On this page
System Requirements
The following is an overview on the software and hardware requirements for a successful installation of the Drupal Toolkit. In addition, advice is given on software and hardware recommendations as well as a notice on the important topic of disk usage.
Software
The Drupal Toolkit requires Drupal and all its dependencies. Currently, the Drupal Toolkit is only developed for Drupal 6. There have been some discussions related to porting it to Drupal 7, however, there is no timeline in place for development.

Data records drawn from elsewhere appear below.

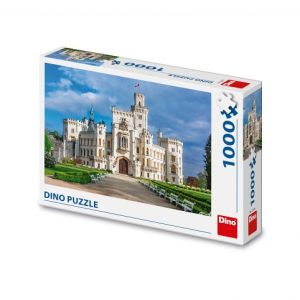 DINO Puzzle Zámek Hluboká 1000 dílků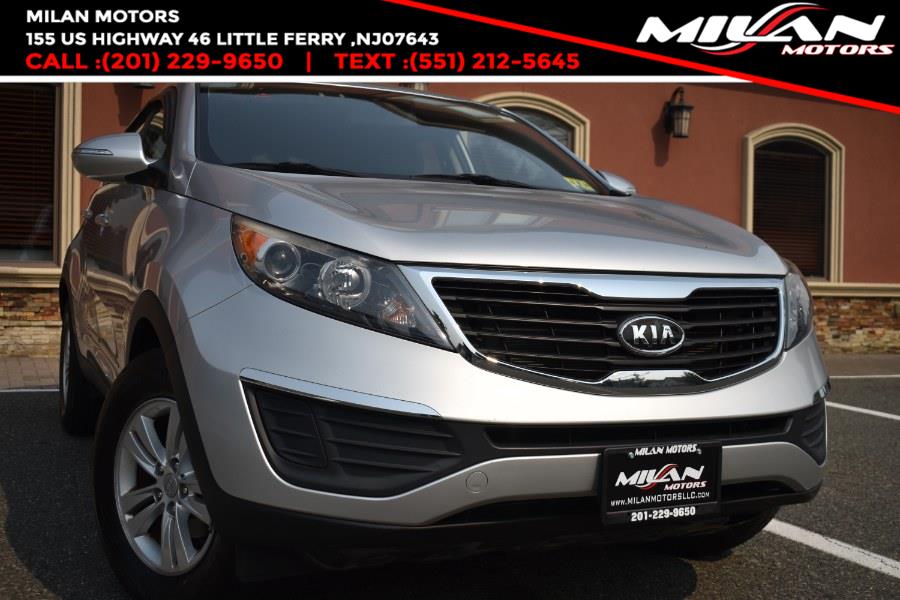 2011 Kia Sportage 2WD 4dr LX, available for sale in Little Ferry , New Jersey | Milan Motors. Little Ferry , New Jersey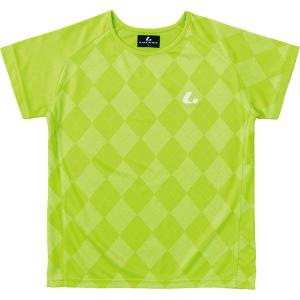 LUCENT ルーセント テニス レディース ゲームシャツ 襟なし ライム XLH2275 ライム｜spg-sports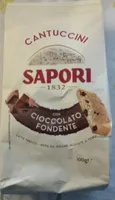 Cantuccini con cioccolato fondente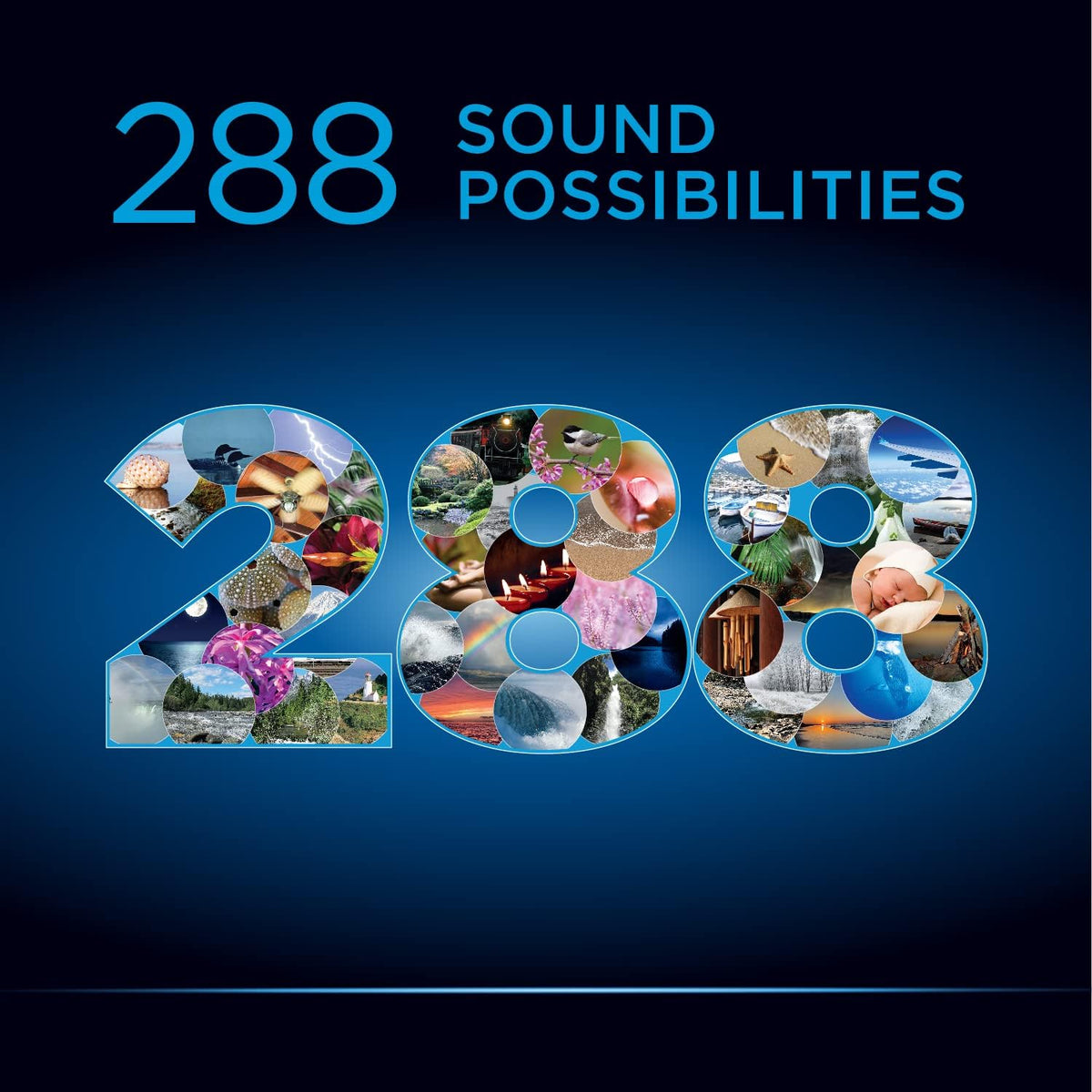 Sound Oasis Deluxe Bluetooth Sleep Tinnitus Sound Machine, World’s Best White Noise Machine for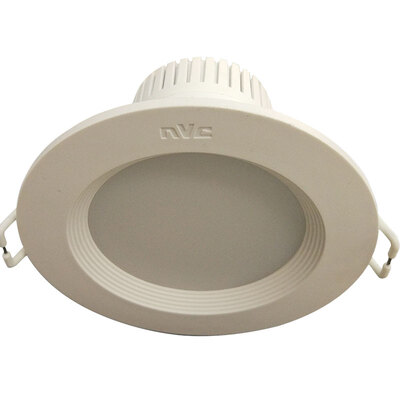 NVC Downlight led downlight 6W open hole 85mm white lamp surface 3000K yellow light
NVC Downlight led downlight 6W open hole 85mm white lamp surface 3000K yellow light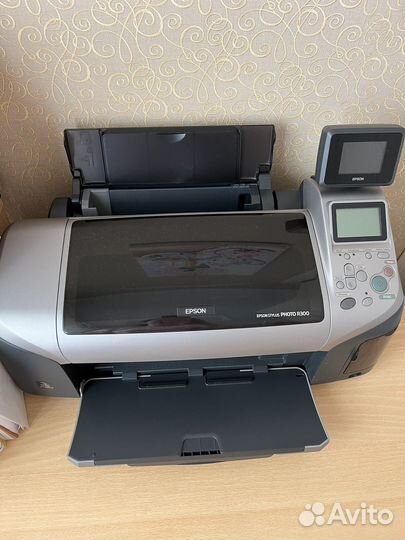 Epson Stylus Photo R300 принтер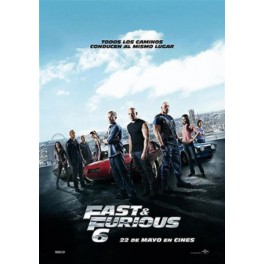 FAST & FURIOUS 6 - BR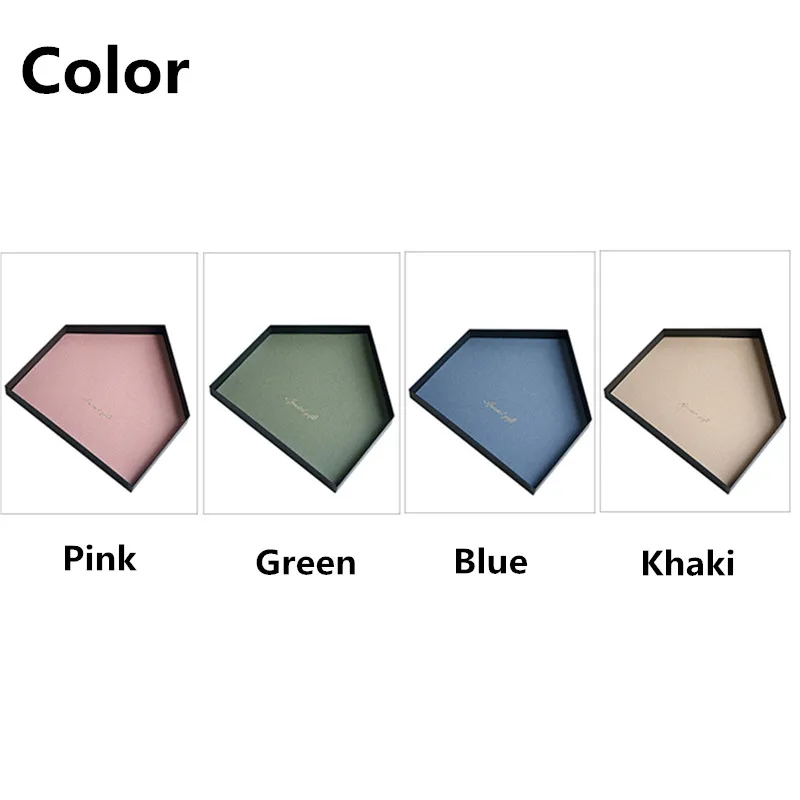 Поддон для хранения Tobs Золотая неглубокая поддон конфет тортов столов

| Required | Recommended | |
|---|---|---|
| Web Server | HTTP | Apache HTTP |
| Drupal | 6 | 6.25 |
| PHP | 5.2 | 5.2 |
| MySQL | 5.1 | 5.5+ |
| Apache Solr | 1.2 | 3.3+ |
| Java | 1.6 | 1.6+ |
Note: The user should have good knowledge on the operating system on which these softwares are going to be installed. Also the user should have admin(root) permission to install otherwise there is a chance to run into permission problems.
PHP
PHP is required for Drupal, however for the Drupal Toolkit, PHP must be complied with support for cURL, DomDocument, and SimpleXML. Such functionality is necessary for making external HTTP requests to OAI and NCIP servers and handling XML responses.
Apache HTTP
As of now, all Drupal Toolkit development has used Apache HTTP as a web server. It is defiantly possible to run the Drupal Toolkit on other servers, such as Lighttpd, Nginx, or even Microsoft IIS. However, the use of such has not been tested by our developers.
Apache Solr
In addition to Drupal, the toolkit also requires Apache Solr for indexing, searching, and faceting as well as other features.
MySQL
Although Drupal can work with many other database systems, such as PostgreSQL, MySQL is strongly recommended for the Drupal Toolkit. Certain functionality with the Drupal Toolkit will only work with MySQL, such as the CSV import process for the OAI Harvester, which uses a MySQL-specific command to increase performance.
Java
Java is required for Apache Solr. Therefore, to use the indexing, searching, and browsing functionality of the Drupal Tooklit, this must be installed. Moreover, we recommend installing the official Java provided by Sun or Oracle.
Linux
The use of Linux is highly recommended and all examples within this guide are in respect to a Linux operating system. Although not necessary, the software environment used to develop, install, configure, and test the Drupal Toolkit has been Linux-based.
Other Operating Systems
In our opinion, the Drupal Toolkit software does work on Mac OS and should work on Windows systems, however, the instructions on how to build such an environment and the support for maintaining such and environment are beyond the scope of this guide. If you choose to use any other operating system, use your own judgement and experience to make the necessary adjustments to have a working environment. Also note that installation and configuration on other operating systems may be difficult or impossible to accomplish.
Other Software
Finally, our developers recommend downloading Wget in order to use the included BASH scripts, installing Git for obvious reasons, and using Drush because it saves time... and mouse clicks!
Hardware
Drupal requires a lot of processing power. It can easily consume a lot of system resources, particularly during metadata harvesting, indexing of records, displaying of views (such as those in the administration panel or custom views) and node generation. Although we can not give you exact hardware requirements necessary for your particular site, we can provide some helpful information as a baseline starting area that should work for even the smallest possible sites.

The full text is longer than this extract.